MD – Enquanto surfa a onda de novos voos internacionais e um volume crescente de passageiros, o Aeroporto do Galeão, no Rio de Janeiro, terá um novo dono. A empresa de investimentos Vinci Compass anunciou a compra de uma fatia de 70% da participação da Changi, de Singapura, na administração do maior terminal da capital fluminense.
Com a mudanç na estrutura acionária, a Changi passa de 51% para 15,3% de share, enquanto a Vinci Compass abocanha 35,7% logo de cara. Neste momento, a Infraero tem a maior parcela do Galeão, com 49%.

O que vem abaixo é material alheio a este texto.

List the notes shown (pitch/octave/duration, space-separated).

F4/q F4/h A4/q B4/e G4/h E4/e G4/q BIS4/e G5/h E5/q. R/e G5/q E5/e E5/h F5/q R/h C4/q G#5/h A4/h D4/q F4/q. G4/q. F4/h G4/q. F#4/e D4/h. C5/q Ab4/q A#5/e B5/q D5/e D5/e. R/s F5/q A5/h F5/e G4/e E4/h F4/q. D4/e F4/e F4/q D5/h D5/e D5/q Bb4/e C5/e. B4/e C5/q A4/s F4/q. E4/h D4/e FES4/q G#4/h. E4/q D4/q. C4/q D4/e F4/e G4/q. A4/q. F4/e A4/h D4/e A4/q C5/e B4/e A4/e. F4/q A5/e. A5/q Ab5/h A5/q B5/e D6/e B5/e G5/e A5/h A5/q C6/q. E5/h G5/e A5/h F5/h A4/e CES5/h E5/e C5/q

No entanto, a Vinci Compass deve participar do leilão de 2026 que venderá a parte estatal do aeroporto, o que poderá fazer com que a empresa assuma o seu controle de forma definitiva.
A transação atual ainda depende de aprovação do Conselho Administrativo de Defesa Econômica (Cade) e a da Agência Nacional de Aviação Civil (Anac).

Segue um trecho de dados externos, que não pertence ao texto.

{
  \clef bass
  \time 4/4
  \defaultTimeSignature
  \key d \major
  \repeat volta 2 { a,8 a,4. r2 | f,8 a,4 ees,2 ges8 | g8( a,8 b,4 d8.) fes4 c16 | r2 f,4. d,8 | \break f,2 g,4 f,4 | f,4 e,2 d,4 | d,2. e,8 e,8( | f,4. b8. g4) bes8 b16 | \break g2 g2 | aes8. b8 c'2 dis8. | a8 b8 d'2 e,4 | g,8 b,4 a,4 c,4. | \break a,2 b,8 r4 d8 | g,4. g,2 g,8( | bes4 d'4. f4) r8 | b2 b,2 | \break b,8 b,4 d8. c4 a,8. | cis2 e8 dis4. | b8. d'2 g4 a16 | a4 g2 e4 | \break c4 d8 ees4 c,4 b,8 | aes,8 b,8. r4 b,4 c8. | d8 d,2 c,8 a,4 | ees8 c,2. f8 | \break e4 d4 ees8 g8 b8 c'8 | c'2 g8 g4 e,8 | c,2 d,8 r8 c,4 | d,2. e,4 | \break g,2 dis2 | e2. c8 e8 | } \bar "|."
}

Leilão do Aeroporto do Galeão
A parte do Galeão que hoje pertence à Infraero (49%) deverá ser leiloada no início de 2026. O valor mínimo é de R$ 932 milhões, e dará direito de explorar a concessão até 2039.

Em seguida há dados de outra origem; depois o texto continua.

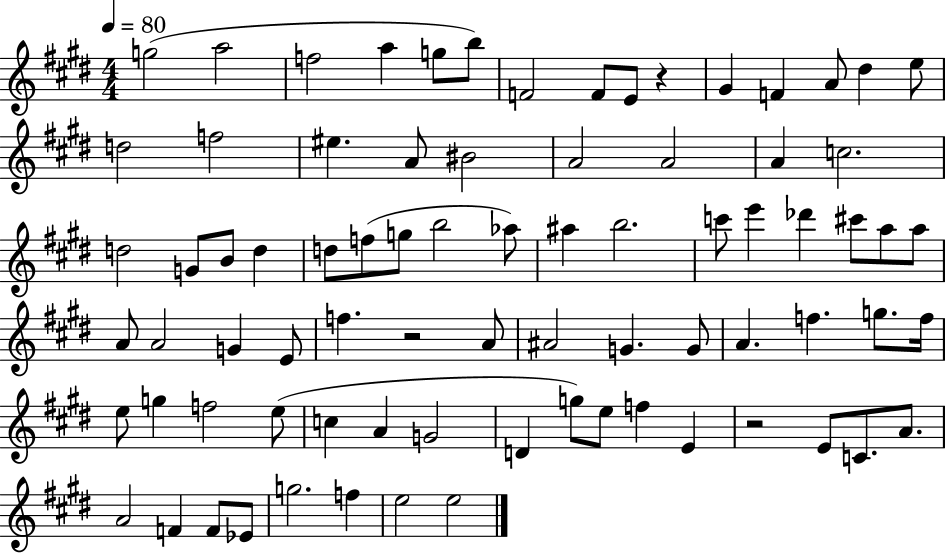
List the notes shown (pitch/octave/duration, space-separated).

G5/h A5/h F5/h A5/q G5/e B5/e F4/h F4/e E4/e R/q G#4/q F4/q A4/e D#5/q E5/e D5/h F5/h EIS5/q. A4/e BIS4/h A4/h A4/h A4/q C5/h. D5/h G4/e B4/e D5/q D5/e F5/e G5/e B5/h Ab5/e A#5/q B5/h. C6/e E6/q Db6/q C#6/e A5/e A5/e A4/e A4/h G4/q E4/e F5/q. R/h A4/e A#4/h G4/q. G4/e A4/q. F5/q. G5/e. F5/s E5/e G5/q F5/h E5/e C5/q A4/q G4/h D4/q G5/e E5/e F5/q E4/q R/h E4/e C4/e. A4/e. A4/h F4/q F4/e Eb4/e G5/h. F5/q E5/h E5/h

Há um acordo entre concessionária, Tribunal de Contas da União (TCU), Anac e Ministério de Portos e Aeroportos que prevê que a Changi terá que trazer também à mesa pelo menos uma proposta.
Isso deve abrir caminho para a Vinci Compass sair vitoriosa sem grandes esforços – a “facilitação” teria sido uma das condições para a empresa topar entrar no grupo que controla o Galeão.
Galeão em ascensão
Depois de anos de subutilização, o Aeroporto do Galeão voltou a ganhar destaque após uma decisão de limitar voos no Aeroporto Santos Dumont, o que forçou a mudança de dezenas de operações domésticas para o terminal internacional.
Segundo o relatório de oferta e demanda da Anac, o terminal registrou quase 10 milhões de viajantes de janeiro a julho de 2025, um aumento de 25% em relação ao mesmo período do ano passado. Atualmente, só está atrás dos aeroportos de Guarulhos e Congonhas, em São Paulo.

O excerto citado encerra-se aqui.